Vita Chiesa
I nuovi peccati? Non sono una novità
La Chiesa l’ha fatto, lo fa e lo farà sempre, l’aggiornamento della vita morale, in positivo e in negativo, tanto nella vita privata quanto nella vita sociale o comunitaria. E, questo, perché? Perché gli Apostoli, e successivamente i vescovi e, ancora subordinatamente i sacerdoti, hanno ricevuto direttamente da Gesù Cristo il potere di «rimettere i peccati» come quello di «non rimettere», espresso bene nel greco (crateo) che vuol dire «ritenere», tuttavia due verbi contrari con effetti corrispondenti. Questo potere o potestà appartiene alla Chiesa, come dogmaticamente si evince da Matteo 16, 18-19; da Matteo 18,18 e – come afferma il Concilio di Trento (can 3, sess XIV) in modo precipuo da Giovanni 20, 22-23. Ho detto successivamente, perché i vescovi sono unici e veri successori degli Apostoli: questi hanno la «pienezza del Sacerdozio» che ricevono, sacramentalmente, nel giorno della loro consacrazione; ho detto subordinatamente ai sacerdoti (parroci o non parroci) perché il sacerdozio ci viene ordinato dal vescovo, ma sempre derivato dall’unico Sacerdozio che è quello di Cristo Signore, che comporta il potere di celebrare l’Eucarestia e quello di rimettere i peccati (confessione o penitenza).

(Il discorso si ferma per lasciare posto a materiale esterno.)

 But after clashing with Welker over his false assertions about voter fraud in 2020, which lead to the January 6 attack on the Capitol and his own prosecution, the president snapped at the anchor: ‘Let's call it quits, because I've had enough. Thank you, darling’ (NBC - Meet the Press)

Una domanda comunque don Sensini in genere la rivolge, a chi va a confessarsi da lui: «Alle persone che vengono abitualmente per fare un elenco di peccati, spesso chiedo se hanno fatto anche qualcosa di buono, se hanno contribuito a rendere migliore la vita delle persone vicine. È un modo per ricordare che non basta evitare i peccati, la conversione è qualcosa di più profondo». In questo senso, dice don Francesco, negli ultimi anni si nota qualche cambiamento in chi si rivolge al confessore: «Nel prete si cerca la capacità di capire, di intuire, di andare alle radici dei problemi. Si chiede non solo di essere ascoltati, ma di ricevere una parola di vita, che aiuti a fare chiarezza e dia la forza per andare avanti».

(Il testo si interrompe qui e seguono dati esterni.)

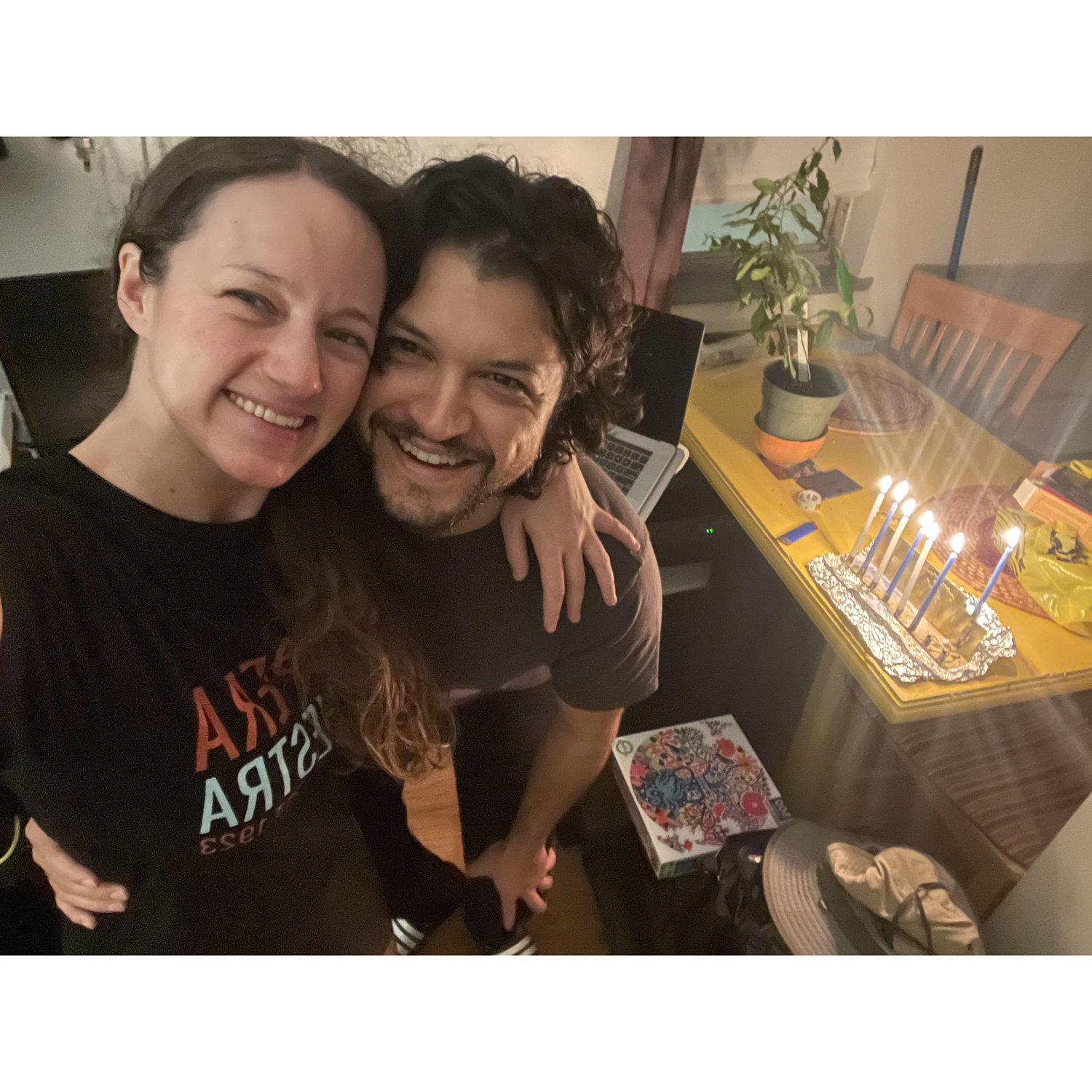 Our first Hanukkah together!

Il Papa chiede ai sacerdoti più spazio all’ascolto: tutti coloro che si occupano della cura delle anime, scrive, «hanno l’obbligo di provvedere che siano ascoltate le confessioni dei fedeli a loro affidati» e di mostrarsi «sempre e pienamente disposti» ad amministrare il sacramento della penitenza «ogniqualvolta i fedeli ne facciano ragionevolmente richiesta». La «mancanza di disponibilità ad accogliere le pecore ferite per poi ricondurle all’ovile», scrive Giovanni Paolo II, «sarebbe un doloroso senso di carenza di senso pastorale» nei sacerdoti: vescovi, parroci e rettori di chiese e santuari, aggiunge il Papa, «devono verificare periodicamente che di fatto esistano le massime facilitazioni possibili per le confessioni dei fedeli», soprattutto attraverso «la presenza visibile dei confessori nei luoghi di culto durante gli orari previsti, l’adeguamento di questi orari alla situazione reale dei penitenti, e la speciale disponibilità per confessare prima delle Messe» e anche durante le celebrazioni.